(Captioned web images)
************

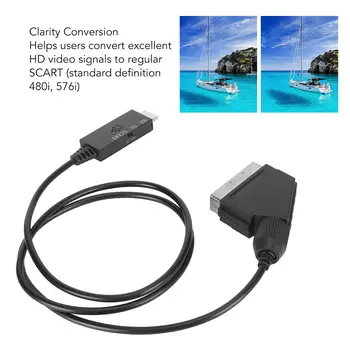 10 最佳銷售 疤痕 - №2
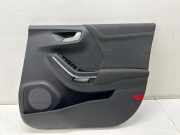 Türpolster vorne rechts FORD PUMA (J2K, CF7) 1.0 EcoBoost mHEV L1TBS23890A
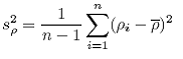 Equation 34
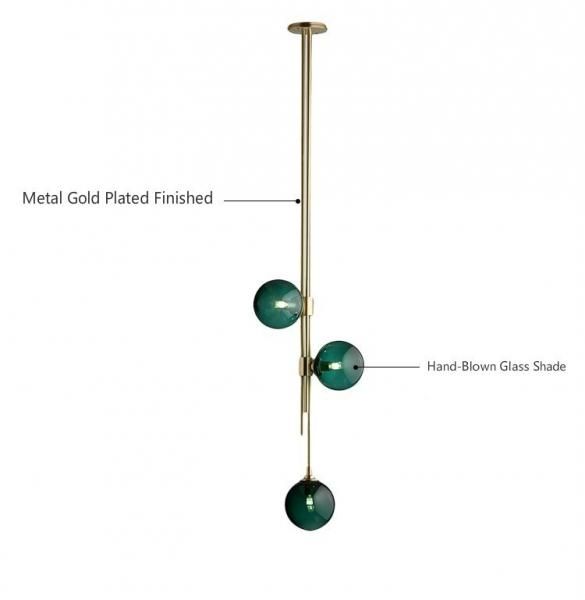 インテリア照明｜シャンデリア専門店エルジュエル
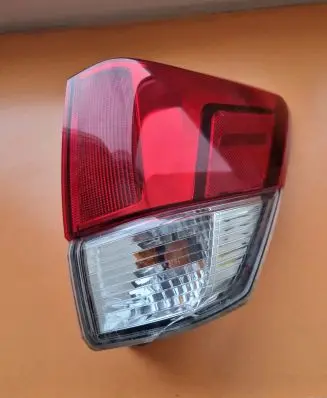 Subaru Forester SK Rear/tail lights 84201SJ000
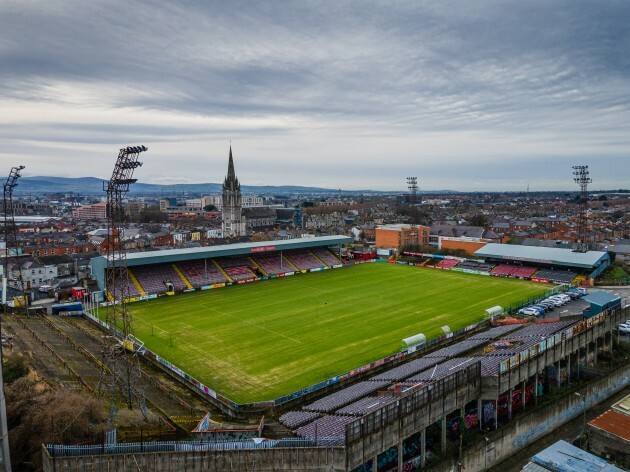 a-view-of-dalymount-park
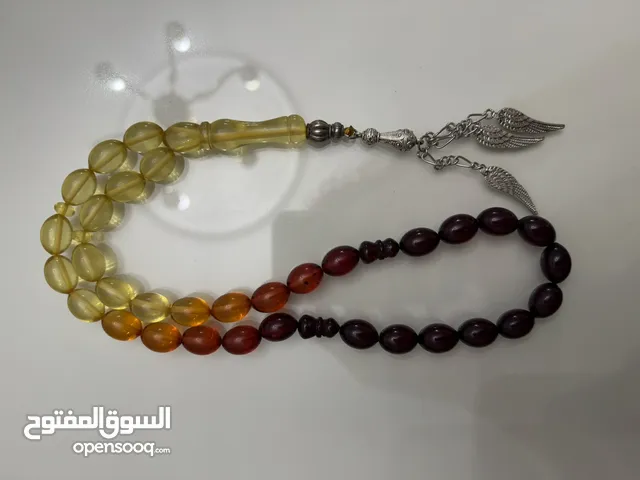 Misbaha - Rosary for sale in Amman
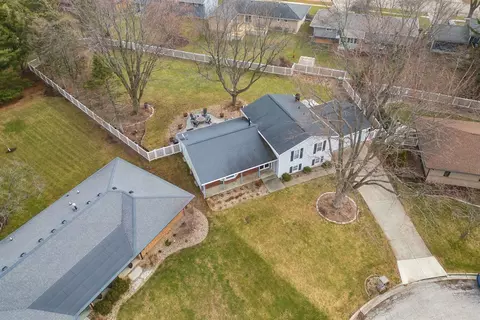 View/Area - 1409 Bird Ct, Normal, IL 61761 photo 5 of 6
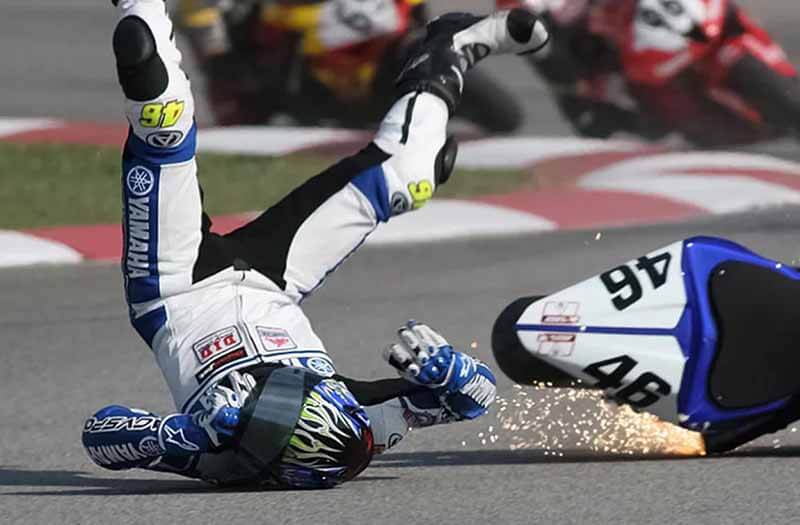 Does-Motorcycle-Body-Armor-Work-agvsport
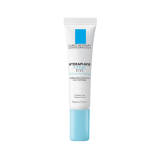 La Roche-Posay Hydraphase Intense Eyes 15ml
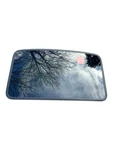 2001 Lexus LS430 Sunroof Moonroof Window Glass Panel Oem 43R-06123. Fixed Price $87.50.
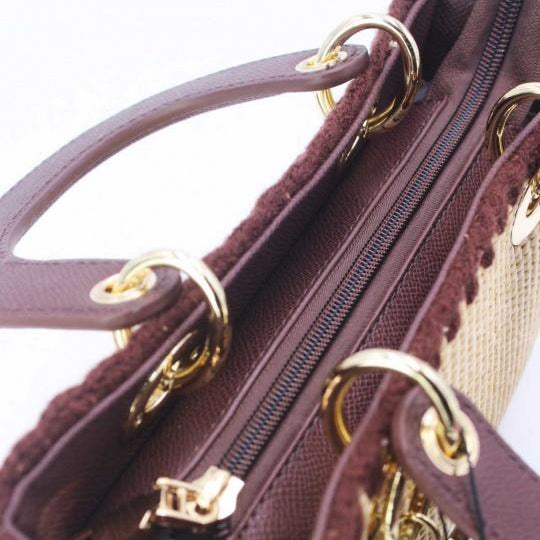 Sac à Main Cabas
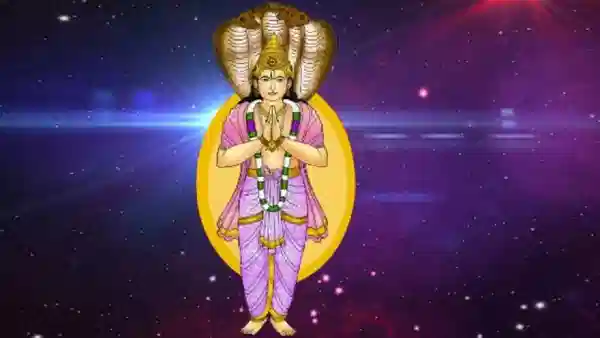 Ketu Gochar 2026: केतू गोचरमुळे या ५ राशींनी सावध राहावे! आर्थिकदृष्ट्या त्रास होऊ शकतो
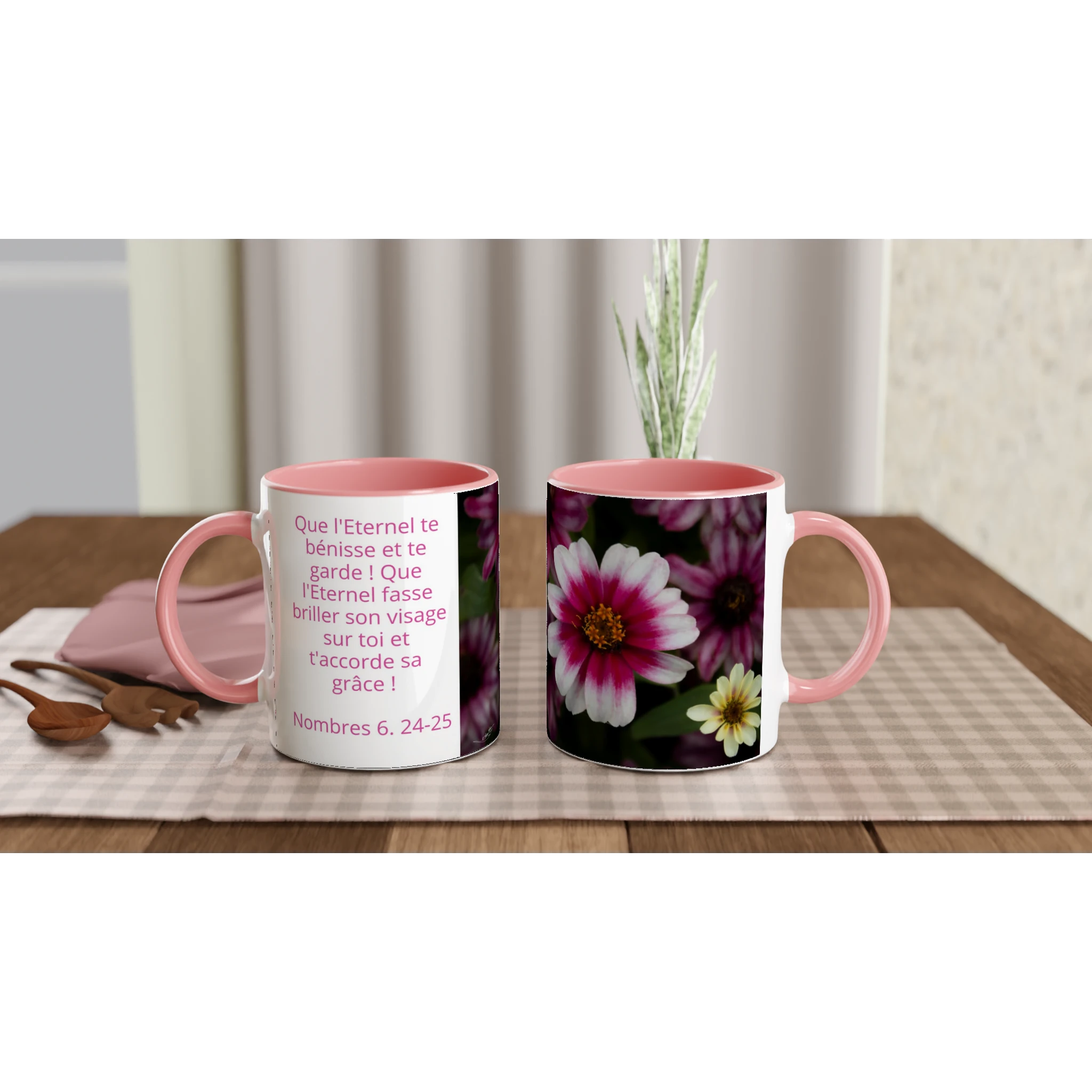 cdb7a6dd-5920-4cf3-93c7-7c2f3845fbb5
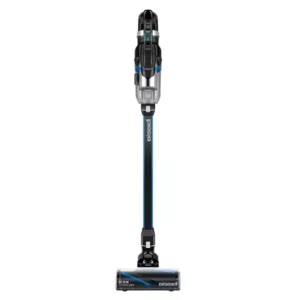 جارو شارژی عصایی بیسل مدل OMNIPET TURBO 3175B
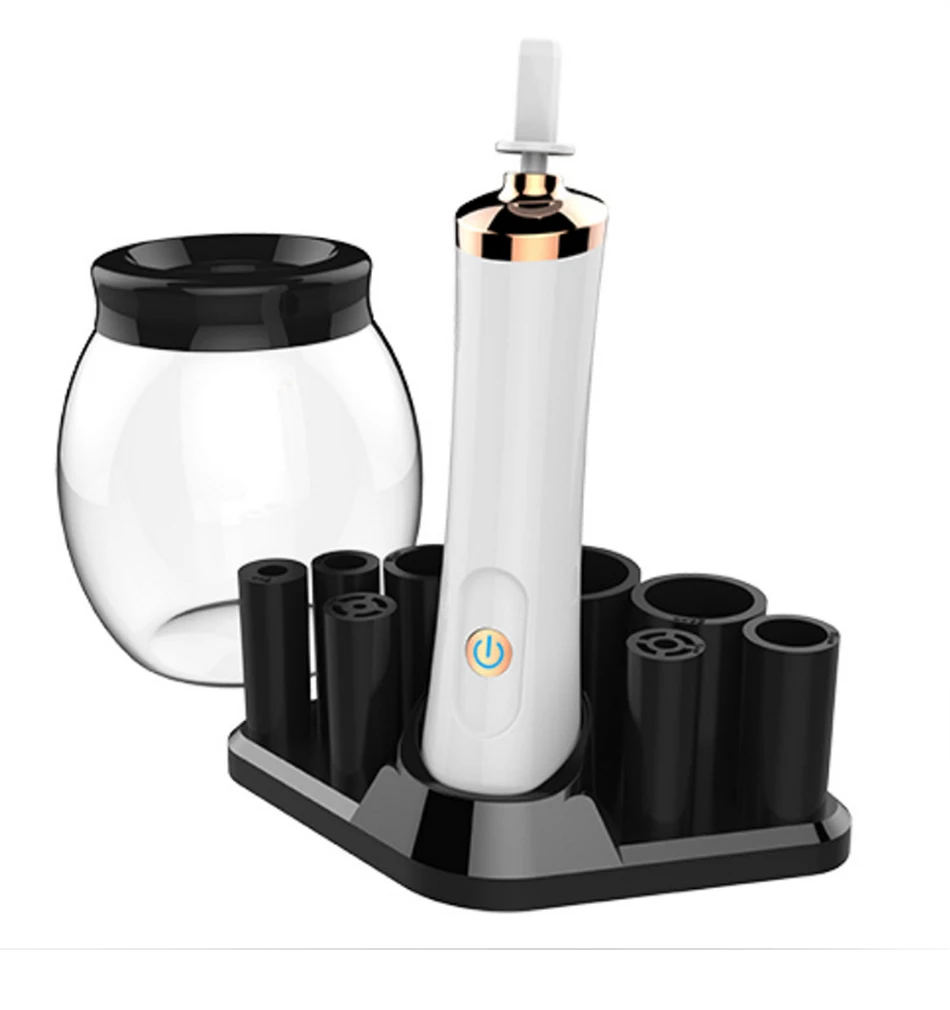 5-产品实拍-Banner-9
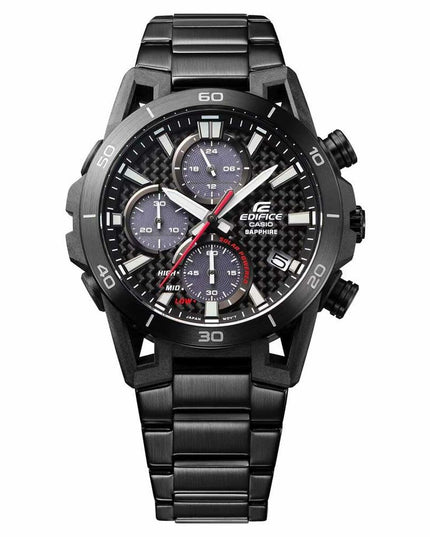 V5H04BD632E90E20137E3849EF11507CF25R5716493P2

************

What you should do: Retype the lines from the one containing "Ketu Gochar 2026: केतू" down to the last line of the records, both included, exactly and nothing more. Pictures stay out.

Written solution:
 Ketu Gochar 2026: केतू गोचरमुळे या ५ राशींनी सावध राहावे! आर्थिकदृष्ट्या त्रास होऊ शकतो
 cdb7a6dd-5920-4cf3-93c7-7c2f3845fbb5
 جارو شارژی عصایی بیسل مدل OMNIPET TURBO 3175B
 5-产品实拍-Banner-9
 V5H04BD632E90E20137E3849EF11507CF25R5716493P2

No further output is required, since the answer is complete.